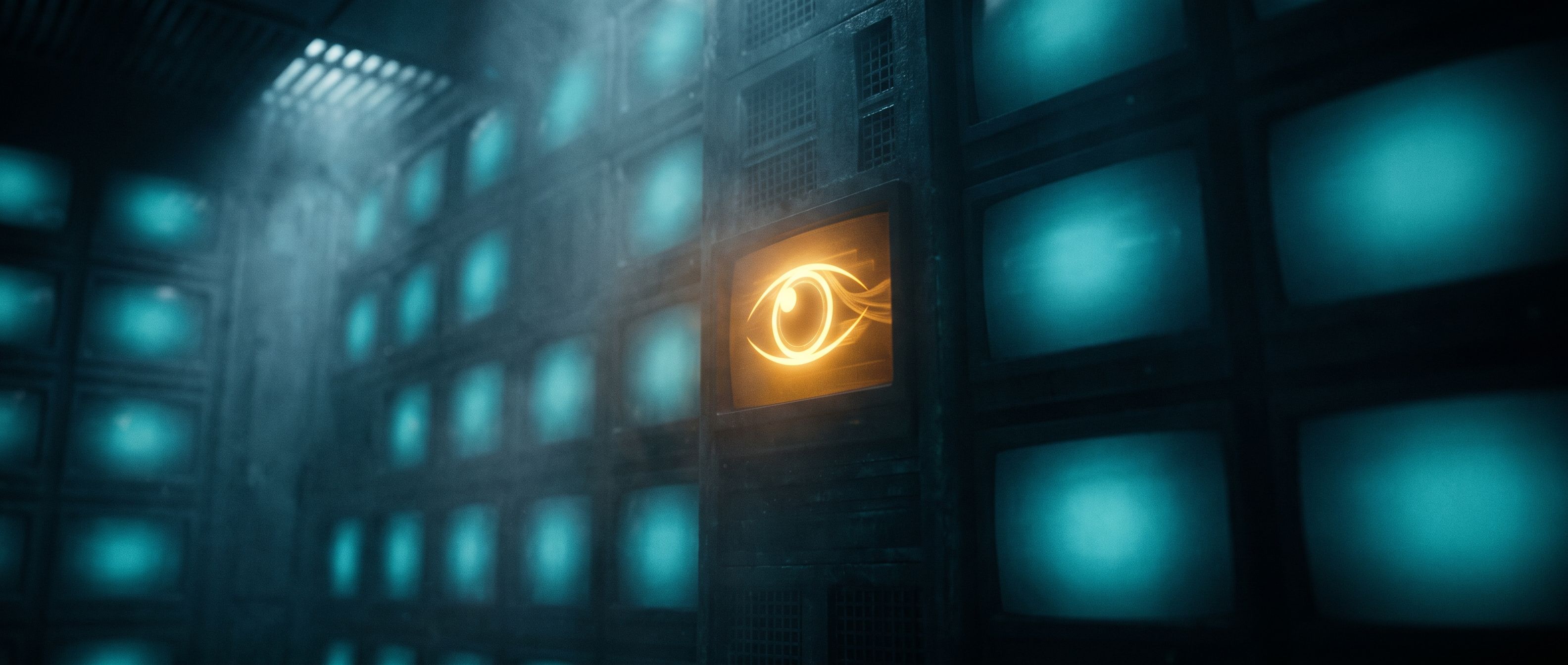 A wall of dark, dim monitors with one central screen resolving out of static into a single clear, bright amber image - Meta finally seeing the picture clearly.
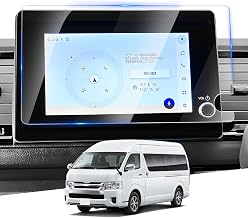 トヨタ 新型 ハイエース 9型 保護フィルム 8インチ ナビ用 2026大幅改良モデルにも適用 ハイエース9型 カーナビ ガラスフィルム 反射防止 9H硬度 ハイエース9型 アクセサリー 強化フィルム キズ防止 指紋軽減 高感度タッチ 自己吸着（1枚入れ）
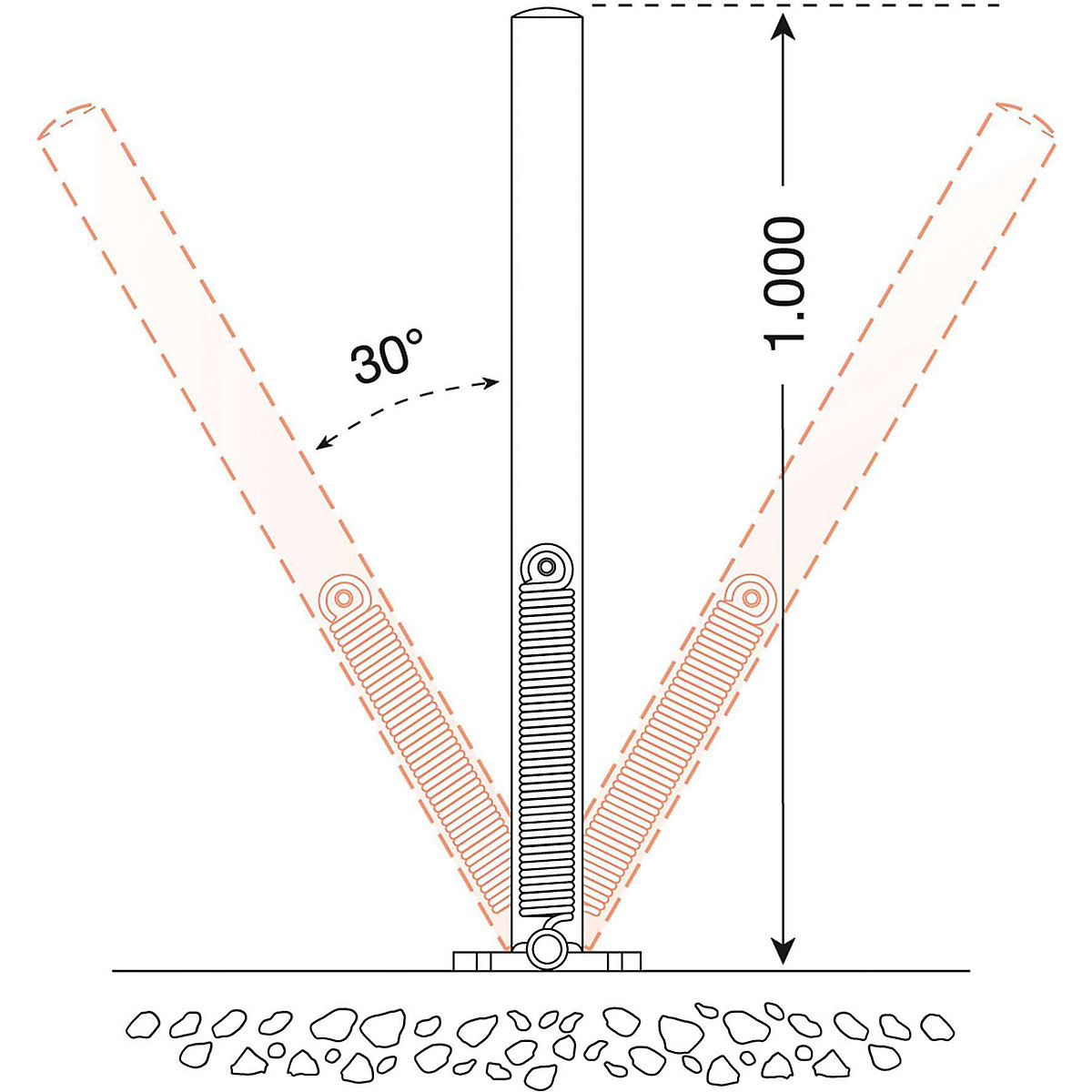 Barrier post made of steel tubing, flexible – Moravia (Product illustration 8)-7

__What is needed__: An exact copy of the lines above, from the first through the line that holds "トヨタ 新型 ハイエース", is what is needed; leave the pictures out.

__Solution__:
 A wall of dark, dim monitors with one central screen resolving out of static into a single clear, bright amber image - Meta finally seeing the picture clearly.
 トヨタ 新型 ハイエース 9型 保護フィルム 8インチ ナビ用 2026大幅改良モデルにも適用 ハイエース9型 カーナビ ガラスフィルム 反射防止 9H硬度 ハイエース9型 アクセサリー 強化フィルム キズ防止 指紋軽減 高感度タッチ 自己吸着（1枚入れ）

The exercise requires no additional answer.